- Muharremşah Location in Turkey Muharremşah Muharremşah (Turkey Aegean)
- Coordinates: 38°38′43″N 29°28′36″E﻿ / ﻿38.64528°N 29.47667°E
- Country: Turkey
- Province: Uşak
- District: Uşak
- Municipality: Uşak
- Population (2022): 3,149
- Time zone: UTC+3 (TRT)

= Muharremşah, Uşak =

Muharremşah is a neighbourhood of the city Uşak, Uşak Province, Turkey. Its population is 3,149 (2022). It is located in the southeast of the city, 7 km from the city center. Along with its historical features it is situated on fertile lands. The most common occupations are agriculture which is seen as the main source of income for villagers (the annual income of only tomato farming is estimated as nearly $4.000.000) and animal husbandry. However, due to the expansion of settlements and the industrial area, the future of agriculture in the village is under threat.
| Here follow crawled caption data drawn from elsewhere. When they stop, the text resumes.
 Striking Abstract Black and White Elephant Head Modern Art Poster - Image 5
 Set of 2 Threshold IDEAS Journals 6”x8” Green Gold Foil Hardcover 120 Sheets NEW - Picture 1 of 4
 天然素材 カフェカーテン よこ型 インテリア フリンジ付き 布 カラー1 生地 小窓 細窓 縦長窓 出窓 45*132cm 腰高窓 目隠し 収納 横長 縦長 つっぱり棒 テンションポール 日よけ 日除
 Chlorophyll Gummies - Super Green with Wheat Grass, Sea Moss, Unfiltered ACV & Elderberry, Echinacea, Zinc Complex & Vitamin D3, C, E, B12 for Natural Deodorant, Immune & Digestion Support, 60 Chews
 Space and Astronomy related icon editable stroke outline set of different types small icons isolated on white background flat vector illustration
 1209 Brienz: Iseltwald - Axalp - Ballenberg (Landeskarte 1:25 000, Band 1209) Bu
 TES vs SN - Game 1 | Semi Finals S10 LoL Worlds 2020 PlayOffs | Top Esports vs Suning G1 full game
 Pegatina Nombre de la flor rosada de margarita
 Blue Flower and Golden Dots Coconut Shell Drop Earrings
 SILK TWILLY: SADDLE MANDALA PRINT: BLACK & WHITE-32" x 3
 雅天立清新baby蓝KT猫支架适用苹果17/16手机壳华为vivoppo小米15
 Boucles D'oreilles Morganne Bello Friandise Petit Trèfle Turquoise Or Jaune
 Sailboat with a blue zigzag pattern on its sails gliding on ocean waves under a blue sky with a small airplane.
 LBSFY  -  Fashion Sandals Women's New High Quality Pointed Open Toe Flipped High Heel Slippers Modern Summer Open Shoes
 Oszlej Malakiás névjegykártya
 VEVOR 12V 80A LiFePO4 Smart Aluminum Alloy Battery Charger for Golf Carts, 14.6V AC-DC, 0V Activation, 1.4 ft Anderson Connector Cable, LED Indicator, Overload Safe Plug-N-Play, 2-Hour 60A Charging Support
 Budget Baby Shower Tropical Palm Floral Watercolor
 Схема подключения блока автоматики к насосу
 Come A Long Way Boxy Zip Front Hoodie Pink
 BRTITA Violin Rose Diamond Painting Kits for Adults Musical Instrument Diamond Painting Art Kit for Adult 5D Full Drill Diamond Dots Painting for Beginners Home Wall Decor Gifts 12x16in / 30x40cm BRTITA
In the village in which the first education institution was founded in 1944, there are currently two educational institutions, the primary and secondary schools with a total number of about 200 students.
The village has important historic buildings such as Çanlı Bridge, which was built in the 13th century in the day of Seljuq Dynasty. According to the bridge's tablet the exact construction date is A.C 1255. In 2015 the bridge which had been facing with the danger of destruction in recent years because of the river carrying chemical waste and many other reasons like treasure hunting was restored.